A breach of contract is typically described as one party not fulfilling one or more terms of the contract. This is an actual breach of contract.
An anticipatory breach of contract is when a party demonstrates by doing or saying something (or failing to do something) that it will breach the contract. It’s also sometimes known as an anticipatory repudiation.
How can you be sure it’s an anticipatory breach?
There are different requirements for what constitutes an anticipatory breach based on what the party’s responsibilities are under the contract. However, one party to the contract can’t just make the assumption that the other party will breach it.
For example, say you’ve hired an architect to remodel a commercial building you’ve purchased. If that architect keeps postponing meetings with the contractors and others instrumental in the project, you can’t just claim anticipatory breach and initiate legal action.
However, what if the architect informs you that they’ve had no time to devote to the project because another project has run into problems or they’ve taken on a new project and can’t make time to work on yours for weeks or maybe months? That’s likely an anticipatory breach because it means they won’t be able to finish the remodel on time, which will be an actual breach of contract.
What are your responsibilities when you have an anticipatory breach?

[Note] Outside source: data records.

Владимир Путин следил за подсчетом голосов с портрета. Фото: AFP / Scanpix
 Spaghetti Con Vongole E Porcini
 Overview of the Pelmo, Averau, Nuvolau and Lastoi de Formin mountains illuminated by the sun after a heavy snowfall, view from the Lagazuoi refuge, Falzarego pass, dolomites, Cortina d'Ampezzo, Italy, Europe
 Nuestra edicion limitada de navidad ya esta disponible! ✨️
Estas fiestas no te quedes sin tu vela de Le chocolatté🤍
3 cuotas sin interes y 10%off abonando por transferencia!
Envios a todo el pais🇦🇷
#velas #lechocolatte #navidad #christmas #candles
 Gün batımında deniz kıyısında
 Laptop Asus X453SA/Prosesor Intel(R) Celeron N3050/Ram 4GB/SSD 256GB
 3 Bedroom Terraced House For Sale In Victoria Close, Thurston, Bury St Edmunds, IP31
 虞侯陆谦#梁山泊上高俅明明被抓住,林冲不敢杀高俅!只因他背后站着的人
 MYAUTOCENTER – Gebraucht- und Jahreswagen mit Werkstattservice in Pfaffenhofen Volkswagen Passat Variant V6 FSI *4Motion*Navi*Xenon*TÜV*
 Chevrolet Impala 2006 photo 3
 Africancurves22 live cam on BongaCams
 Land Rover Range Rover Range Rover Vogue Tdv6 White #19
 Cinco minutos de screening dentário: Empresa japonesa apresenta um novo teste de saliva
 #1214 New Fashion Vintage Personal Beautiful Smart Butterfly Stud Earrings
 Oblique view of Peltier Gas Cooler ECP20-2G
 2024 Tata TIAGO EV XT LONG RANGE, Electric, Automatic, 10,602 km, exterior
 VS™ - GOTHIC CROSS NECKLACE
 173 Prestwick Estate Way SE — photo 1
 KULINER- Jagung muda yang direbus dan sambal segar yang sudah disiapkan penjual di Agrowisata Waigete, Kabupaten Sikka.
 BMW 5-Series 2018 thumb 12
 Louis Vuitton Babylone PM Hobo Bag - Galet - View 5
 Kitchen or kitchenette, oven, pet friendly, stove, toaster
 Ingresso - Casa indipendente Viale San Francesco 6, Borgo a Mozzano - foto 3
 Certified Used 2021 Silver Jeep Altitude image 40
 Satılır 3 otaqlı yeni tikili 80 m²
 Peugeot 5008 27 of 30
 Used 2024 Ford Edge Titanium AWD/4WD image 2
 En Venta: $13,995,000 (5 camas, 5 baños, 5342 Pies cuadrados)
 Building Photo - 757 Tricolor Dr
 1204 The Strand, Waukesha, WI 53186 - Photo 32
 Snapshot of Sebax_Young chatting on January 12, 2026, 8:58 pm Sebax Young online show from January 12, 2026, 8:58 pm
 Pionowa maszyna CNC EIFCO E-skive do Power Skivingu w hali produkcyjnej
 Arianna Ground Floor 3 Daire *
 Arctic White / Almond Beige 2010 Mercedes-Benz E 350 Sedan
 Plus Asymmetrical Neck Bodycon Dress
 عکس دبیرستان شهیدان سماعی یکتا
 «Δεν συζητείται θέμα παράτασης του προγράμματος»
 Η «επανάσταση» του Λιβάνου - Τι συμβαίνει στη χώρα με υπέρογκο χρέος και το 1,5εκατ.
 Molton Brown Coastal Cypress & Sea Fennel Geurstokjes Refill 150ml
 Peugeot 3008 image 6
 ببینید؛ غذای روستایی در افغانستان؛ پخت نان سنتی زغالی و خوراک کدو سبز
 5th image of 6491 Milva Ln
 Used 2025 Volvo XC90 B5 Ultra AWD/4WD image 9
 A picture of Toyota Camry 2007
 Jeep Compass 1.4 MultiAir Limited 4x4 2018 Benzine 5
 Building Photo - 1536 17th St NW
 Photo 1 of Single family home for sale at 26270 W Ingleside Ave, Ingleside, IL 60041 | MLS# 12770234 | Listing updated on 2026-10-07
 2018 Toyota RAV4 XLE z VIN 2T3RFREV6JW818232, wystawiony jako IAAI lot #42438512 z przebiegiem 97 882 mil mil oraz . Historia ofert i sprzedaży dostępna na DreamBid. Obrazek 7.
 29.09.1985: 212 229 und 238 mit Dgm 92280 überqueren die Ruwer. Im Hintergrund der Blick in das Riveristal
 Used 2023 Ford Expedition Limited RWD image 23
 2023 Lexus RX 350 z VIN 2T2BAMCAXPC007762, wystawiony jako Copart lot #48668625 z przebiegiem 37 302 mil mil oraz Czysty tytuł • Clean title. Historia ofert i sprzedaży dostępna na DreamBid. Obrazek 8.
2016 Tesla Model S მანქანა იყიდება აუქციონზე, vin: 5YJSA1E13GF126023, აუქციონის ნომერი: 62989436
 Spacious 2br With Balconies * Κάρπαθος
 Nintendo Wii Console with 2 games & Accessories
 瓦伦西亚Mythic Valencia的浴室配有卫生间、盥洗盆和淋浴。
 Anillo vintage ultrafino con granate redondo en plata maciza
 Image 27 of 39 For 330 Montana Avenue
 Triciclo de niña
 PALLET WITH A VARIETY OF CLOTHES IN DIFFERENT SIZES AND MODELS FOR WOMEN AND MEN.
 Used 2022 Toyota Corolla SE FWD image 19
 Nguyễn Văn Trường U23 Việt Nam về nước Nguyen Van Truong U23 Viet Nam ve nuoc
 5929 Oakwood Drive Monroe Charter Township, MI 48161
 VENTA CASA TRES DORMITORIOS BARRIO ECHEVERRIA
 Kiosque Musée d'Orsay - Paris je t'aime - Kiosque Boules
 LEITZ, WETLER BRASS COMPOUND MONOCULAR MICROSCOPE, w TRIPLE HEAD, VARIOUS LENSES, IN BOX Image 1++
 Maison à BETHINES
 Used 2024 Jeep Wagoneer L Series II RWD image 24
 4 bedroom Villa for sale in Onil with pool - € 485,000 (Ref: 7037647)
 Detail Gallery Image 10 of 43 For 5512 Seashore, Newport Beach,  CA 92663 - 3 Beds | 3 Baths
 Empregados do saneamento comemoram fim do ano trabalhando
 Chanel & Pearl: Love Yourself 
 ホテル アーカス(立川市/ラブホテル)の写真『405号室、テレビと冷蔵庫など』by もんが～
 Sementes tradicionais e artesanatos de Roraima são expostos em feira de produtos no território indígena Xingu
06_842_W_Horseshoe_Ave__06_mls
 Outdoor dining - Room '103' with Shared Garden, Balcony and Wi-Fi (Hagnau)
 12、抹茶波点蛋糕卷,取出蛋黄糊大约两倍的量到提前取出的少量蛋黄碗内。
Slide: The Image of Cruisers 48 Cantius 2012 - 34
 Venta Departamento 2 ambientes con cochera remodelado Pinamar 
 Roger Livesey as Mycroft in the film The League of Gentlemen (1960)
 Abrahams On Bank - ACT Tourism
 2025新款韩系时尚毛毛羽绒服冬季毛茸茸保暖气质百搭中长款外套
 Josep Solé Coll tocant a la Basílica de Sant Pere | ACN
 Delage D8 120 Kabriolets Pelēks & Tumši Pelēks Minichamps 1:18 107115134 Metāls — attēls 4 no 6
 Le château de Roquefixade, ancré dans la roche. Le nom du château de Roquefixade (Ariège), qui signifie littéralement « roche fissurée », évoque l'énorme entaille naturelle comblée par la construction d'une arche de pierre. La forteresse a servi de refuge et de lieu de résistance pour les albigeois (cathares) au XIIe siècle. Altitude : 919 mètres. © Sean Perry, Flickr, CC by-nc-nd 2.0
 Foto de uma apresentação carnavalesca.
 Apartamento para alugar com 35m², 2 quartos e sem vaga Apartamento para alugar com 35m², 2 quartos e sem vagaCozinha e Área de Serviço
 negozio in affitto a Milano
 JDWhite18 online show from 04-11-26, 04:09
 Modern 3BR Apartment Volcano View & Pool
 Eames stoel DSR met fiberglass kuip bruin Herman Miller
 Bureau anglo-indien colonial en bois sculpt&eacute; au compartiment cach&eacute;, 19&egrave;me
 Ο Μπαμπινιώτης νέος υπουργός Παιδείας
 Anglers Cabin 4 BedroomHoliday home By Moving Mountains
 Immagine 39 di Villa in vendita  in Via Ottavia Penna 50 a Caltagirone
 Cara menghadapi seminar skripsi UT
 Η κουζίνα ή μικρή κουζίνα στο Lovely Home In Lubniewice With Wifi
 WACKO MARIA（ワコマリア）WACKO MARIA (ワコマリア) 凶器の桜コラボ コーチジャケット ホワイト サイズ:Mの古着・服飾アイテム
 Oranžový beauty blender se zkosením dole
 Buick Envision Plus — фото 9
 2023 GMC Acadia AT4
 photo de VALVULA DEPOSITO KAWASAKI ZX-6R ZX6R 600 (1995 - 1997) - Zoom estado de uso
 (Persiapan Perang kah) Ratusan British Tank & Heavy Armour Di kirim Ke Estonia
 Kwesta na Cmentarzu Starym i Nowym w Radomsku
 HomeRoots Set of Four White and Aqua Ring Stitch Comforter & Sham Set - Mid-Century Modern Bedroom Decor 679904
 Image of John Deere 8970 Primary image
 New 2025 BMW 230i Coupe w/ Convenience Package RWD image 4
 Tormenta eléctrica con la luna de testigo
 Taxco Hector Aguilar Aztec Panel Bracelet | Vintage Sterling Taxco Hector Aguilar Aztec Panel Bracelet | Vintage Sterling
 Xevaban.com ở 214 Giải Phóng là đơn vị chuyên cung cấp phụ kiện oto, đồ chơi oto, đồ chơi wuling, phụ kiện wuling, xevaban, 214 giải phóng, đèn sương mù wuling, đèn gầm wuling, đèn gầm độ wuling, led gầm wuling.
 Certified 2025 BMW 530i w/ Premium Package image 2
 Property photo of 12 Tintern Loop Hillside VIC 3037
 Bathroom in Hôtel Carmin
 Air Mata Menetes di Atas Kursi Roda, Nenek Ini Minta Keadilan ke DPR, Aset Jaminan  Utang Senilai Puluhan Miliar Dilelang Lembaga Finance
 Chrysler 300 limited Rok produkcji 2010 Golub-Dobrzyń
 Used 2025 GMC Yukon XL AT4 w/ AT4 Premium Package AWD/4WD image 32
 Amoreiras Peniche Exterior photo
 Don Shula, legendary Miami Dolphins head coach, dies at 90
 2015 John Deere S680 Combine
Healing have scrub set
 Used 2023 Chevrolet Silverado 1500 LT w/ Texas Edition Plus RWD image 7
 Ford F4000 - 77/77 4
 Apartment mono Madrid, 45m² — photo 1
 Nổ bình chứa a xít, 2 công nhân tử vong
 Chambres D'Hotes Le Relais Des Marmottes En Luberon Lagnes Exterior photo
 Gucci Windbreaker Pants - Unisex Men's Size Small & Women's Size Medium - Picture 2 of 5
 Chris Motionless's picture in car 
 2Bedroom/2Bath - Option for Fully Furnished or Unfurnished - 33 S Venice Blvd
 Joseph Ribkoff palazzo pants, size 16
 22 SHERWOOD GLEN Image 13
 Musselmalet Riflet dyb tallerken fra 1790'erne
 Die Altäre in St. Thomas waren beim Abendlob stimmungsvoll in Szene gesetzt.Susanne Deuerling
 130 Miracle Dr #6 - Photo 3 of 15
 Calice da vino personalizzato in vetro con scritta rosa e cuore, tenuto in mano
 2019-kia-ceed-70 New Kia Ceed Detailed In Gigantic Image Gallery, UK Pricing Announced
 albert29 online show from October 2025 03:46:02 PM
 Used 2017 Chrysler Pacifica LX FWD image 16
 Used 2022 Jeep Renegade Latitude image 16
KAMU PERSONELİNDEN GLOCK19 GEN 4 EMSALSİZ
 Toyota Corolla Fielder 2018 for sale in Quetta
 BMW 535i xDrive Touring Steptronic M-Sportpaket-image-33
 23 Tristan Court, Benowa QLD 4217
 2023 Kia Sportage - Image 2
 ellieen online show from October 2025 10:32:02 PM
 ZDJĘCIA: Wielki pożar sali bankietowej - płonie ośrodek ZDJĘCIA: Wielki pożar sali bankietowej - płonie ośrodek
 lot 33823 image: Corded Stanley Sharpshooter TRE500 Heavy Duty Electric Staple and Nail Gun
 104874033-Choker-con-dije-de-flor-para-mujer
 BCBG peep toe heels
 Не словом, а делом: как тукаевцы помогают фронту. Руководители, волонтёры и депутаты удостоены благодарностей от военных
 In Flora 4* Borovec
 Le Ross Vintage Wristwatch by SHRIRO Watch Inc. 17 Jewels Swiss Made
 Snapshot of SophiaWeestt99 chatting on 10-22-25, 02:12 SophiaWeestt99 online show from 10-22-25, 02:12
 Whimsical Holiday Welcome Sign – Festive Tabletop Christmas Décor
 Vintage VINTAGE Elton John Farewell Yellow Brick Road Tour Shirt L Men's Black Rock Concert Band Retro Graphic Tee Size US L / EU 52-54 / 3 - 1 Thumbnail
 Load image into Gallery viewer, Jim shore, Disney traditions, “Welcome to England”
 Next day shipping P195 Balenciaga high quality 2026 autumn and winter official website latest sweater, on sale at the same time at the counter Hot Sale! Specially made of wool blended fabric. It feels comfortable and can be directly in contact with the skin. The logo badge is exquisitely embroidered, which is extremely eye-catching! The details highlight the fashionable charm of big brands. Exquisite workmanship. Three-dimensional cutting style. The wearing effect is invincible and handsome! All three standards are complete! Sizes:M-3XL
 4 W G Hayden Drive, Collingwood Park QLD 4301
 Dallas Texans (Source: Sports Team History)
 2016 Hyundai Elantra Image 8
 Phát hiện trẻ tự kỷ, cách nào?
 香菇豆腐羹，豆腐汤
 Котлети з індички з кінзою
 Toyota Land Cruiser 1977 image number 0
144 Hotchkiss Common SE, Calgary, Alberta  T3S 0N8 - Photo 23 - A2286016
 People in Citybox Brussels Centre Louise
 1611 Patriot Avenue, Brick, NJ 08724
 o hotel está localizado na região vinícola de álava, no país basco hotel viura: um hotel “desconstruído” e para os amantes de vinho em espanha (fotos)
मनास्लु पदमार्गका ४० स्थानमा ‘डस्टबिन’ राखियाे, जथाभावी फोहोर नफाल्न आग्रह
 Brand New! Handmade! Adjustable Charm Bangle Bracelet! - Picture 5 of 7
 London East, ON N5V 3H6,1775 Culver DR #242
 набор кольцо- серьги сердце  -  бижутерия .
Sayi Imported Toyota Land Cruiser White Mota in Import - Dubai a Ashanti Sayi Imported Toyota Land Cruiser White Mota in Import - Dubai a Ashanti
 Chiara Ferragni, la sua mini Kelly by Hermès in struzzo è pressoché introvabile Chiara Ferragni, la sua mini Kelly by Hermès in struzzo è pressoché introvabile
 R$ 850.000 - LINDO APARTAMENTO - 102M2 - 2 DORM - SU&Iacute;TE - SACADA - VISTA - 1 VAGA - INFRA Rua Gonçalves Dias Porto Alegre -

If you determine that you’re dealing with an anticipatory breach, you can start legal action. However, you also have a responsibility to take steps to lessen your damages. For example, if you’re paying the architect on a regular basis, you’d immediately stop paying them. You’d also seek another architect to step in and take over the project so you don’t lose any more time.
Of course, to have a solid legal case, the original contract must be sound and not open to interpretation. Otherwise, the other party can claim that they aren’t breaching it or it was not a valid contract in the first place.
If you believe you’re dealing with an anticipatory breach of contract, it’s wise to get legal guidance as soon as possible. This can help you determine whether you can indeed initiate legal action and what else you need to do to lessen the damage to your project and your business.